Exercise instructions →
In this exercise, copy exactly the lines from the one that contains "DK Metcalf Seattle" through the end of the entries below; pictures are not copied.

Task material →

┌────────

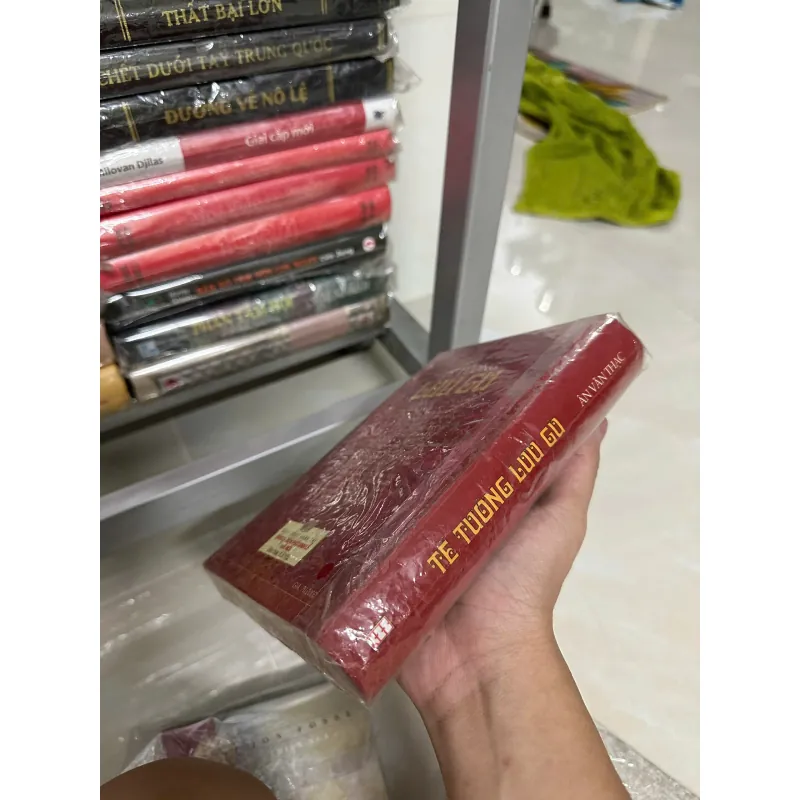 Tể tướng Lưu Gù - Ân Văn Thạc (Bìa cứng) 563396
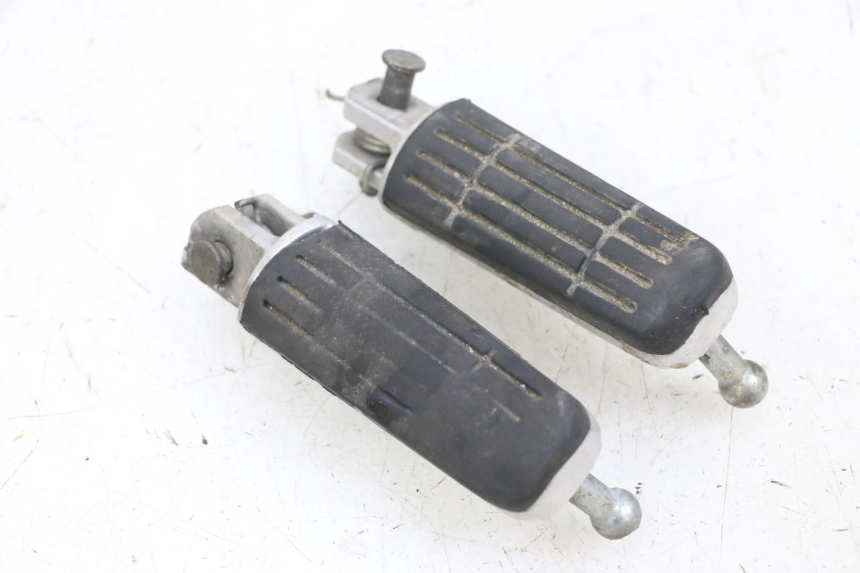 photo de PAR REPOSAPIES DELANTERA YAMAHA TDM ABS 900 (2002 - 2014) - Primer plano técnico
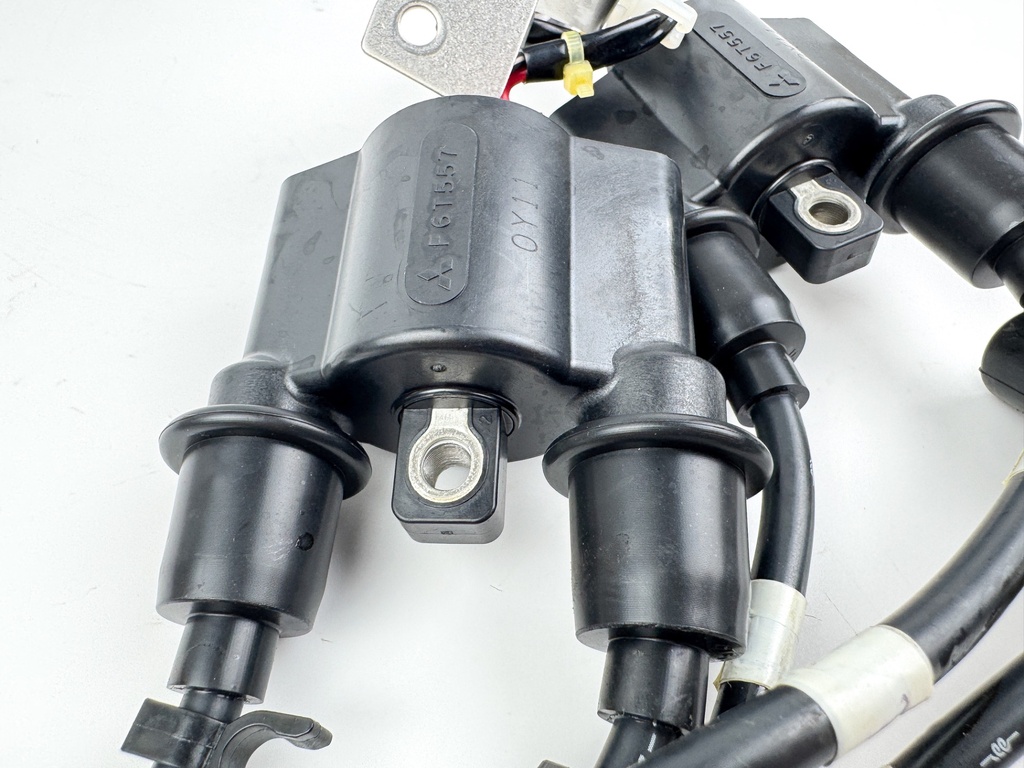 2014 Yamaha 60 HP 4 Stroke Outboard Ignition Coil Set 63P-82310-01-00 OEM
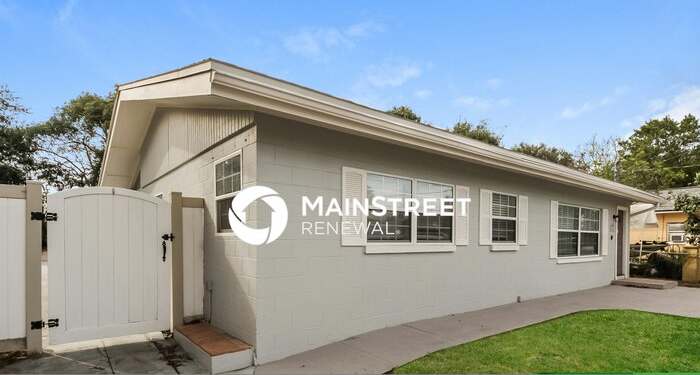 604 Prairie Lake Drive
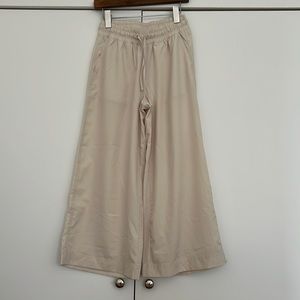 Cropped Wide Leg Pants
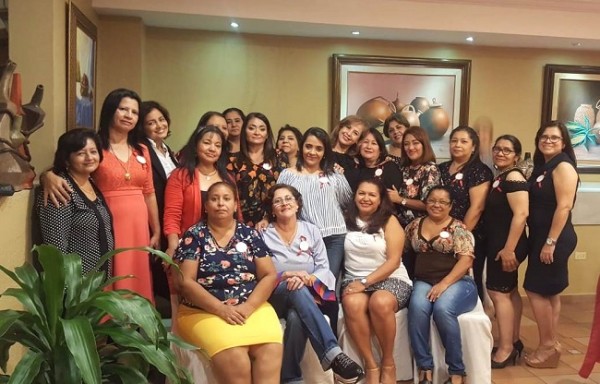 Las amigas y ex compañeras de la clase 85 del Instituto Acasula Carmen Castro se reunieron en una tarde verdaderamente inolvidable.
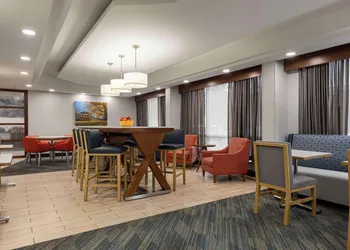 Hampton Inn Charlottesville hotel thumbnail 3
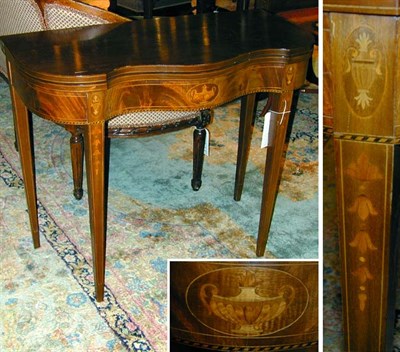Lot 496 - Federal Style Banded Mahogany Serpentine-Front...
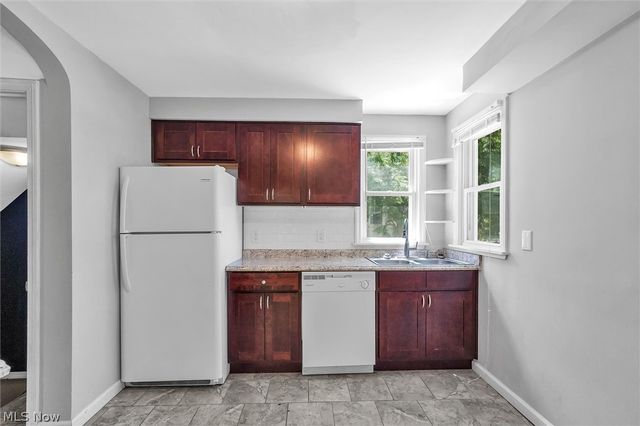 1130 Haselton Road, Cleveland Heights, OH 44121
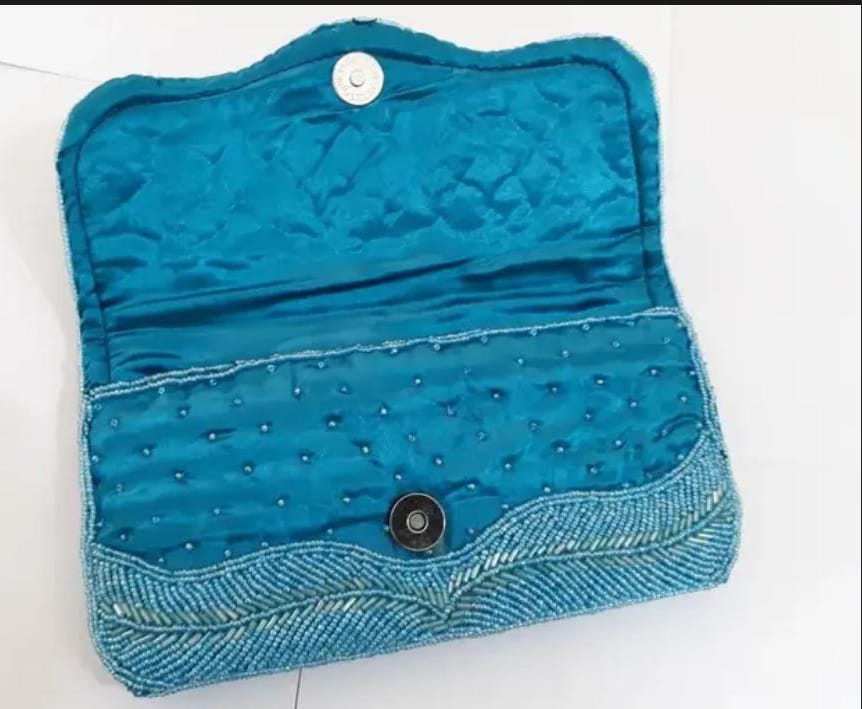 Classic casual women daily use beaded clutch purse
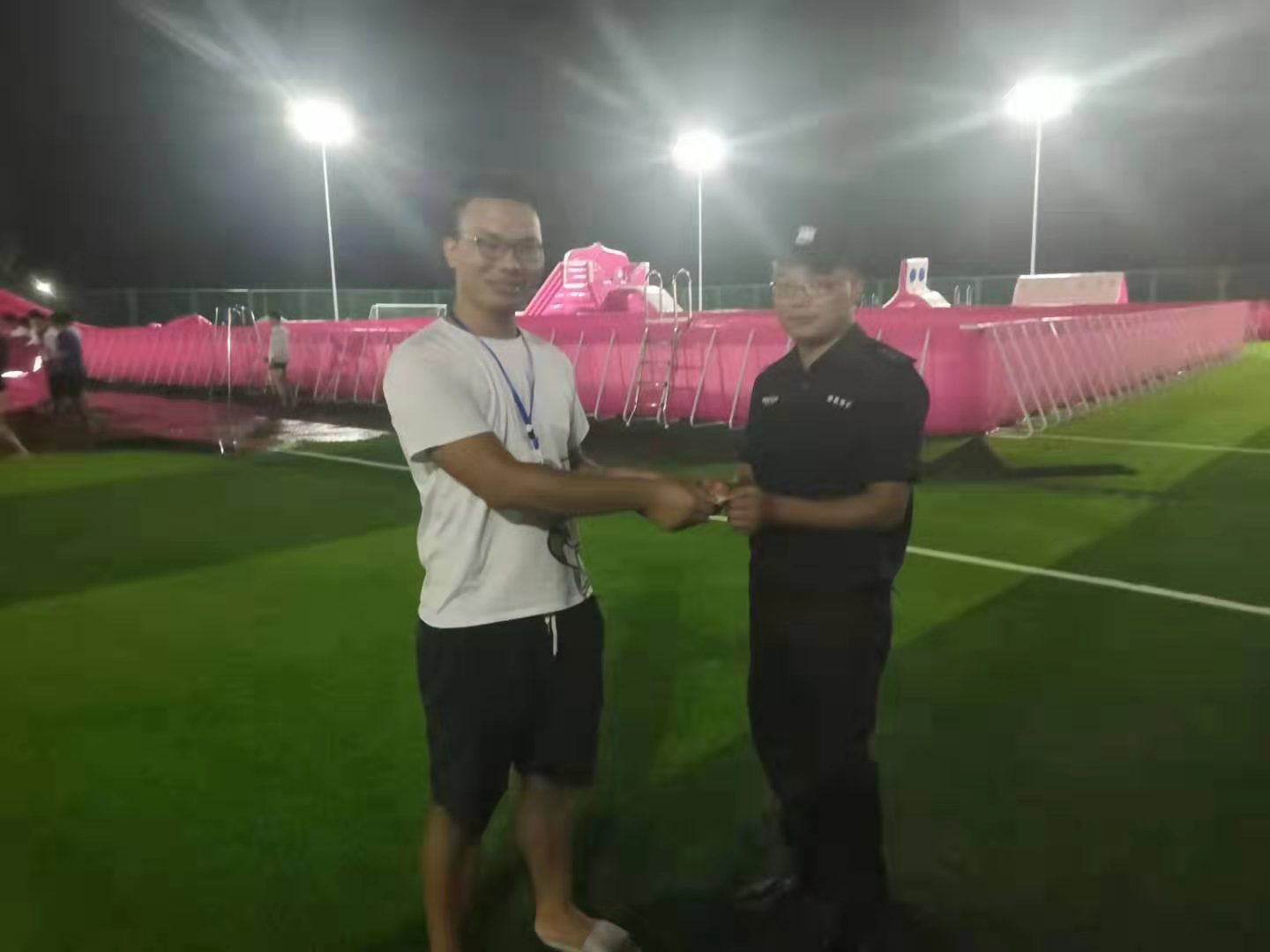 獵鷹保安現(xiàn)場維護(hù)華僑城奇妙市集秩序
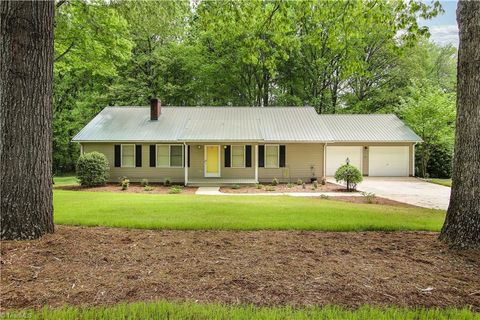 Single Family Residence in Asheboro NC 2003 Harvell Street.jpg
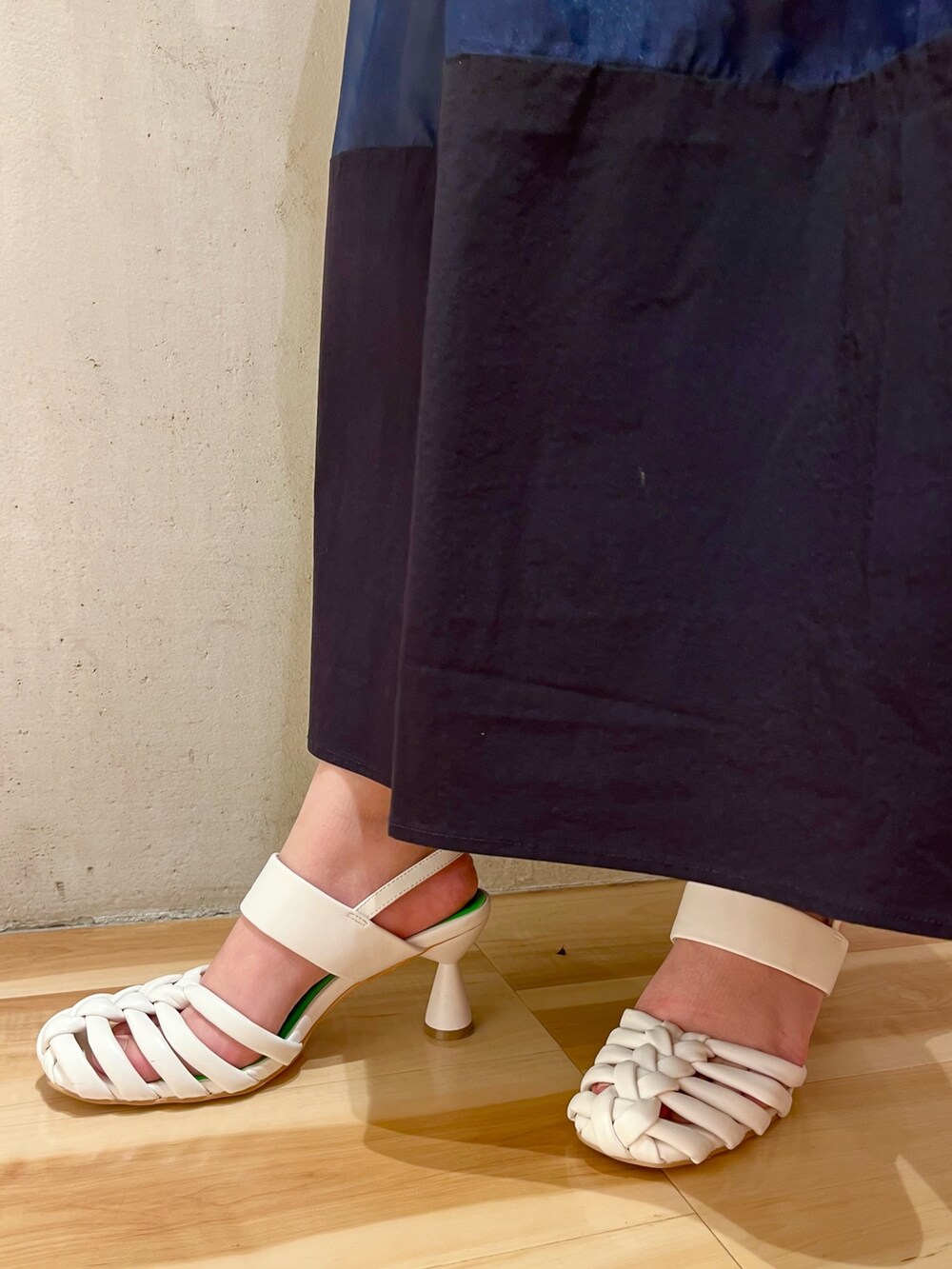 ブルー系のワンピース、ホワイト系のサンダルを着用したレディースの冬コーディネートの8枚目の写真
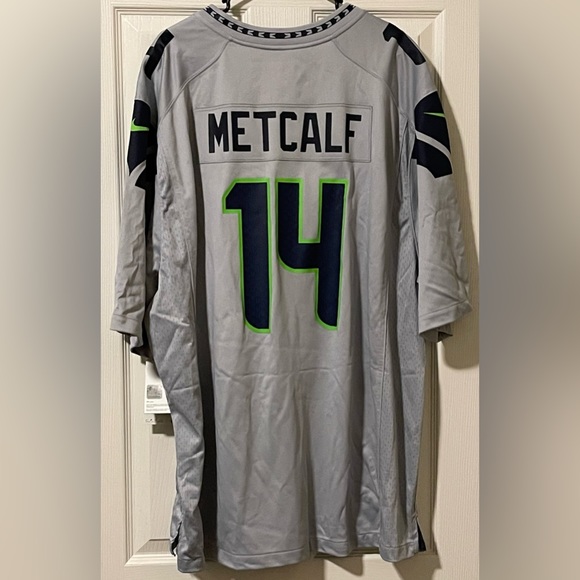 DK Metcalf Seattle Seahawks Wolf Gray Football Jersey Nike NFL Men’s Sz 3XL NEW - Picture 2 of 12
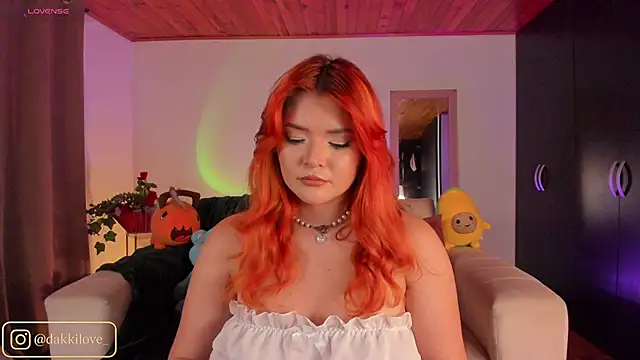 DAKOTA LOVEE online show from 13, 5, 2026
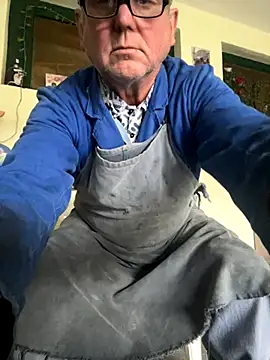 [28 Oct 13:34] Public Show - video by oldgayman cam model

└────────

Output below →
 DK Metcalf Seattle Seahawks Wolf Gray Football Jersey Nike NFL Men’s Sz 3XL NEW - Picture 2 of 12
 DAKOTA LOVEE online show from 13, 5, 2026
 [28 Oct 13:34] Public Show - video by oldgayman cam model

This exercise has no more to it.